We also took that huge family trip to NC. (Trust me, a whole 2,000 words in itself.) You were kind of confused about the "renting a house" business.  "This is our new house!" you'd proclaim.  "Well, not really, babe. We are just borrowing it from someone for a week"  Then you would run to Pa and tell him he needed to drive more limos to make more money so we could BUY THIS HOUSE.  Its the BEST HOUSE EVER!  You cried when I told you we had to leave.  Then said when you get home you are selling your toys.  I wish I could buy that house for you.  I don't think it was the house that you loved so much.  Although, yes, the house was incredible.  I think it was more about having all of us, under one roof, for an entire week.  You bounced around between us.  Playing with Gammy and Pa on the beach, going in the water with me, trucks and cars with William and Auntie B, hot tub with Lizzy.  Non-stop entertainment.  Hell, I want to live there full time.  I was crying too when we left.
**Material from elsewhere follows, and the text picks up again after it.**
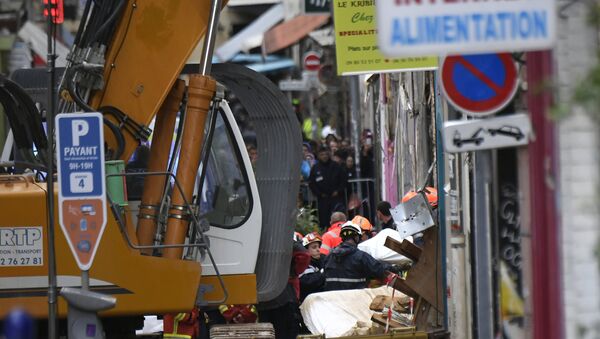 Los escombros de dos viviendas que colapsaron en Marsella, Francia - Sputnik Mundo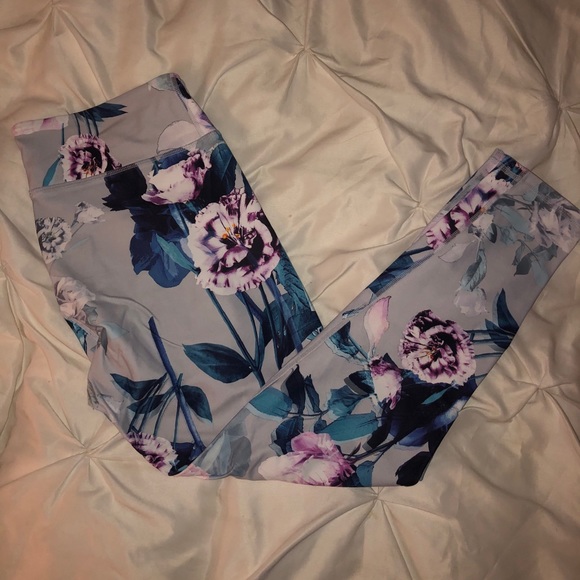 Fabletics Pants - Fabletics floral print cropped leggings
I have been a little distacted lately.  I completely forgot about your school orientation until my car got surrounded by teachers asking where you were as I pulled up to the church.  I had a bad mother moment and forgot to buckle you in your car set.  You reminded me.  Because you follow the rules.  And probably because once I told you that the car wouldn't start until you were buckled and you remember everything. I zone out while we are playing until you jump in my lap and get me to focus. My patience has been running on bare minimum. You walked into the bathroom while I was crying.  It was aweful.  I don't think you have ever seen me cry. You asked what was wrong.  I told you that someone hurt my feelings.  "Do you need a hug?" you responded.  And you hugged me on the bathroom floor for 5 minutes. I am sorry Wyatt. I am sorry that you felt like you needed to comfort me.  I never want  you to feel responsible for my well-being.  I am overwhelmed. With everything. I am sorry and I promise I will get better. School is starting. Its a new start. Let's make a fresh start.

I love you, always, forever and everyday.